I fell in love with people I shouldn't have.
They're fucking magic.
And hers is broken, twisted, in a moment I missed it...
I sit contemplating fire and ice, my strange desires and slow burning fires under the surface.
Wondering of what I can now write here.
Is it really still mine? This blog, frozen in time.
I gave it too her...
He suggested that I move to a new spot,and start over. I thought about it. It would be giving up the last remnants of home that I have dragged with me through this fucking hell-hole of a place we now live.
So I'm torn...I don't want to give this up. Yet the things that belong here, the stories that this place was created for, I have them...And what happens when she reads them?
So maybe just theory and cryptic poetry...Or maybe I say fuck it, she went out of her way to make this hurt as much as she could, so if she feels compelled to read and doing so is like grinding the nail in a little deeper, then it's her own damn bad...
The way she left, the efforts she made, to provoke him into breaking me and destroying himself...She wanted to see me left in pieces...She did everything she was asked not to...Maybe I'll never know why, maybe I'll always wonder inside...Why she wanted to know that I cried as she lied.
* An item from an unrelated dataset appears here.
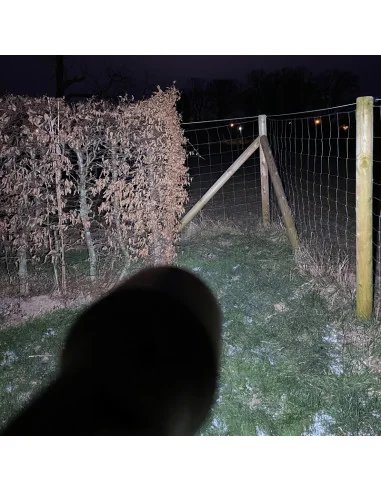 LedLenser P9R Core LEP 1000 Lumen 1300m Reichweite Laser Phosphor Technology Taschenlampe Wasserdicht-Beleuchtung-JJ-Fishing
|Maybe I'll be stardust, maybe just rust...|
I come here to write, the dreams the moments, the experiences, the feelings...And I pause. Because I know that she will read. Me.
But I'll not be responsible for her insecurities. She didn't believe, didn't listen, didn't take heed; the whole reason she was given this link in the first place. So I think that here I will continue to spill my escapades, all my little pieces of Hades. Pieces of me.